**Work item:** Set down each entry exactly as given; pictures should not appear in the copy.

[[ Records for this task open ]]

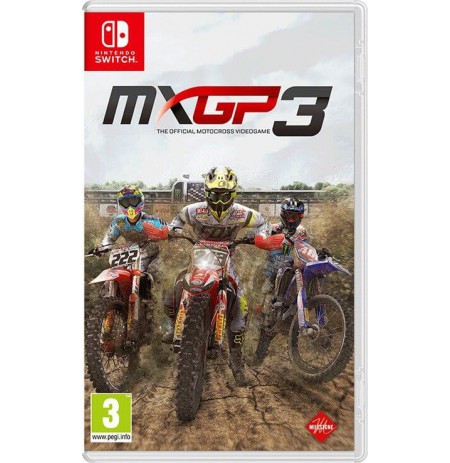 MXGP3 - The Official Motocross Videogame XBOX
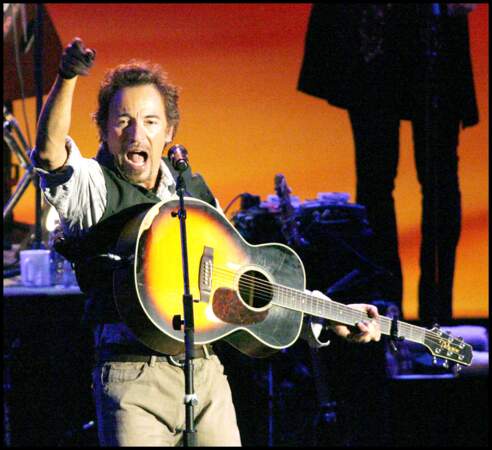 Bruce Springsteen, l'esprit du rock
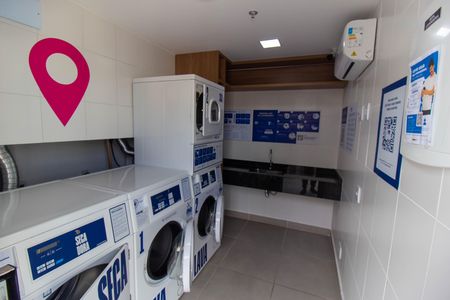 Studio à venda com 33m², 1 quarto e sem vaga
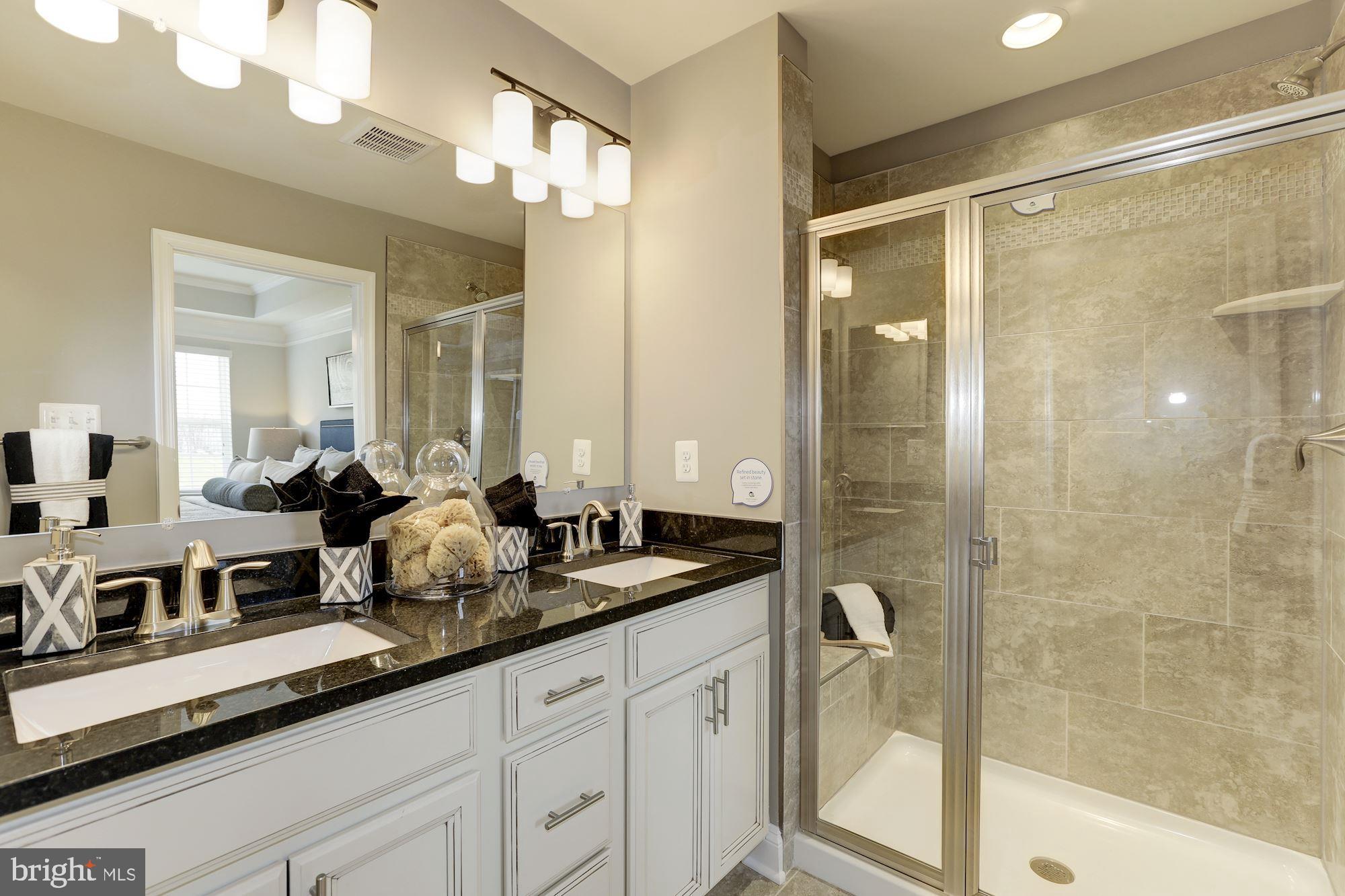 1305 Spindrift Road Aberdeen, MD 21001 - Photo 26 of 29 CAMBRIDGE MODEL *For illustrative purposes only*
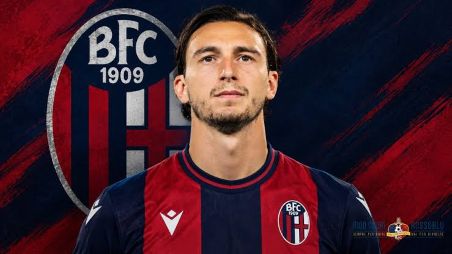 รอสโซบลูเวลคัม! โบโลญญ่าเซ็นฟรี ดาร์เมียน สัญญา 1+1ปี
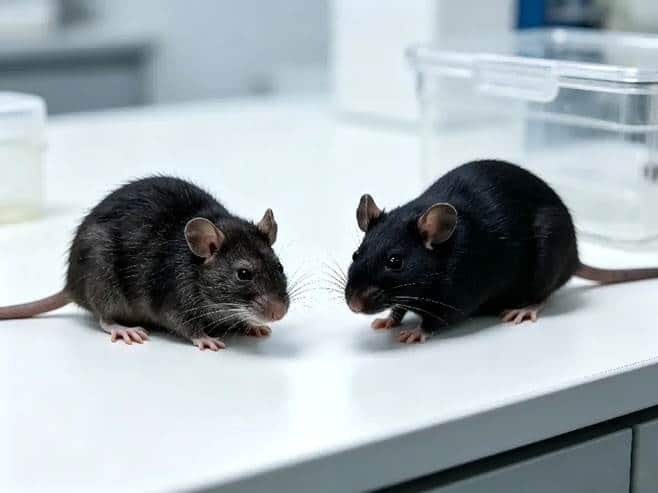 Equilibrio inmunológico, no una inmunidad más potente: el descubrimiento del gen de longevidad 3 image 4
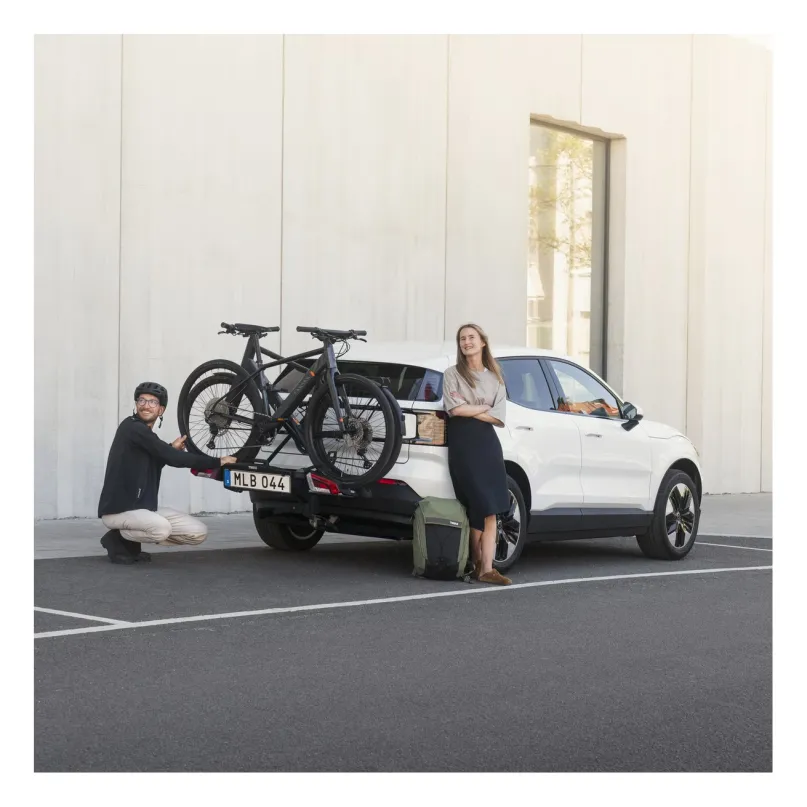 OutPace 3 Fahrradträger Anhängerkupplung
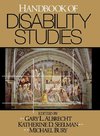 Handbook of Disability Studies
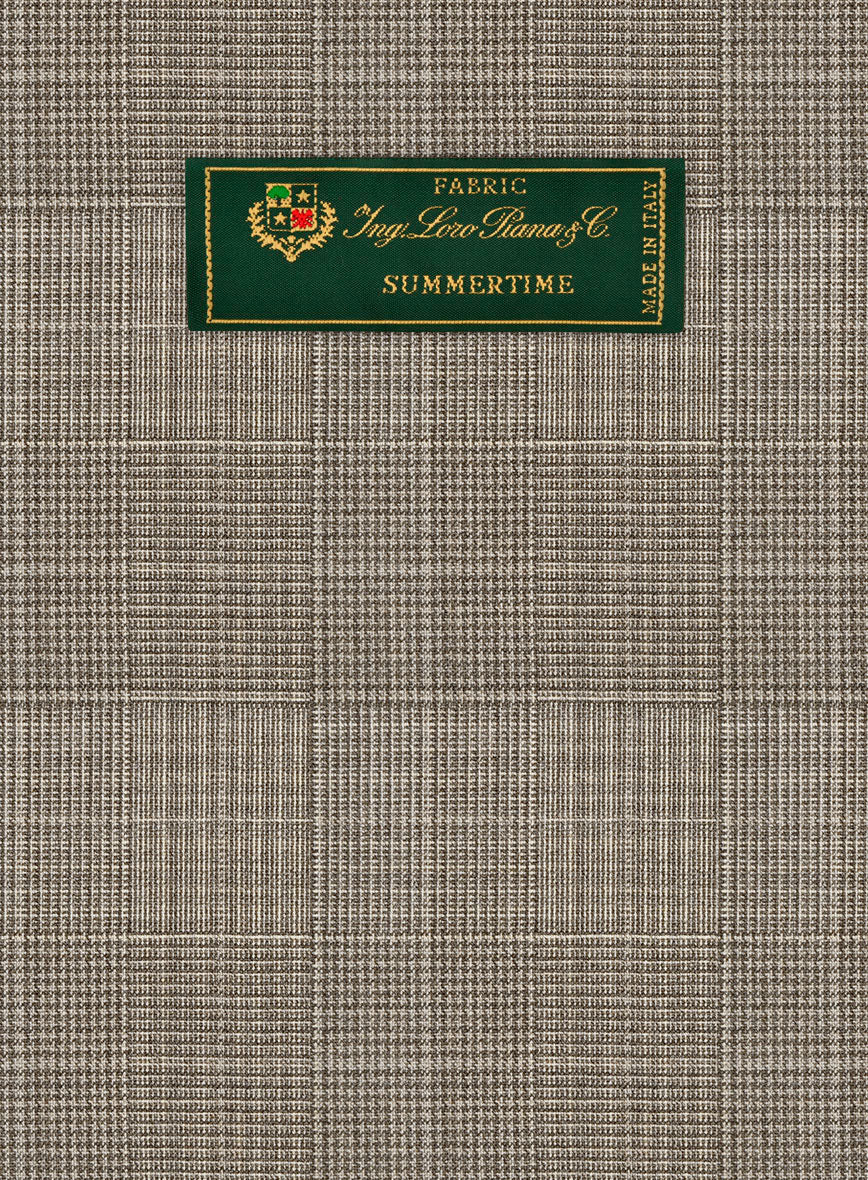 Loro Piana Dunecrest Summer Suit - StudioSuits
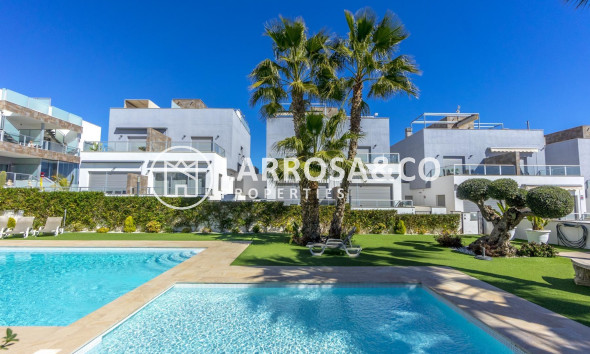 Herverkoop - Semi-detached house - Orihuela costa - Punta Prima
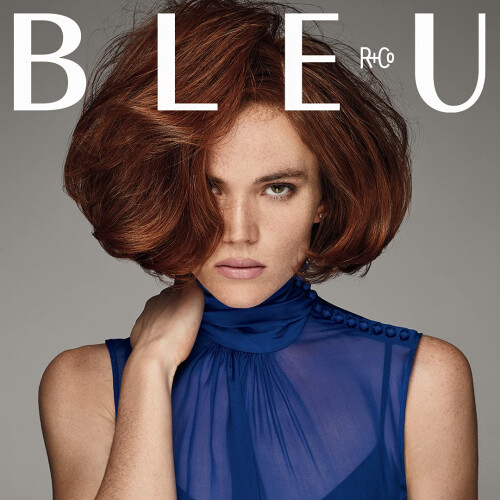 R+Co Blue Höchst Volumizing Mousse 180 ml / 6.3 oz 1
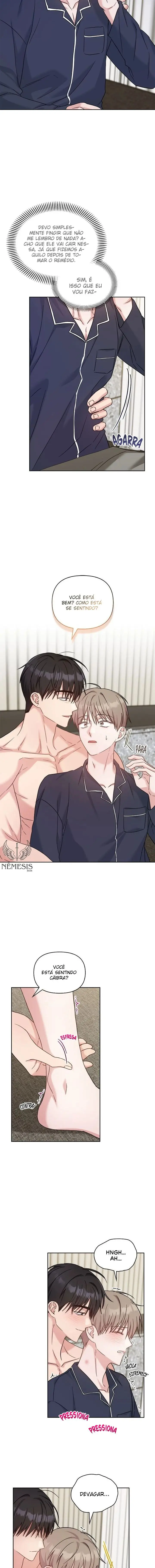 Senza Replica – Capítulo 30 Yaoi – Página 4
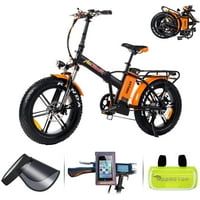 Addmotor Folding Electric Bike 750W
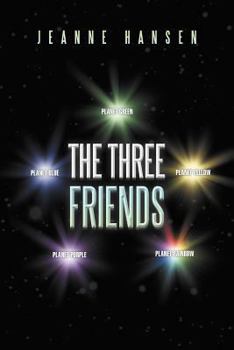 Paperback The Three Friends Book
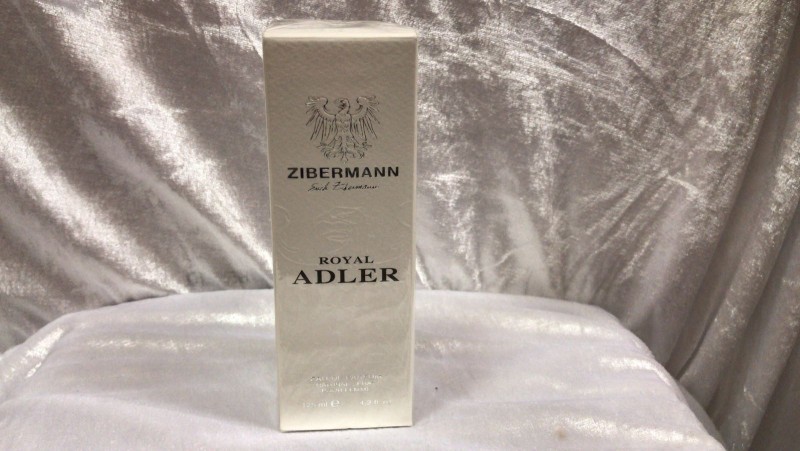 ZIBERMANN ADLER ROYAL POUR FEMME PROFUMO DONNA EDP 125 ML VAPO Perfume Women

[[ Records for this task closed ]]

**Exercise answer:**
 MXGP3 - The Official Motocross Videogame XBOX
 Bruce Springsteen, l'esprit du rock
 Studio à venda com 33m², 1 quarto e sem vaga
 1305 Spindrift Road Aberdeen, MD 21001 - Photo 26 of 29 CAMBRIDGE MODEL *For illustrative purposes only*
 รอสโซบลูเวลคัม! โบโลญญ่าเซ็นฟรี ดาร์เมียน สัญญา 1+1ปี
 Equilibrio inmunológico, no una inmunidad más potente: el descubrimiento del gen de longevidad 3 image 4
 OutPace 3 Fahrradträger Anhängerkupplung
 Handbook of Disability Studies
 Loro Piana Dunecrest Summer Suit - StudioSuits
 Herverkoop - Semi-detached house - Orihuela costa - Punta Prima
 R+Co Blue Höchst Volumizing Mousse 180 ml / 6.3 oz 1
 Senza Replica – Capítulo 30 Yaoi – Página 4
 Addmotor Folding Electric Bike 750W
 Paperback The Three Friends Book
 ZIBERMANN ADLER ROYAL POUR FEMME PROFUMO DONNA EDP 125 ML VAPO Perfume Women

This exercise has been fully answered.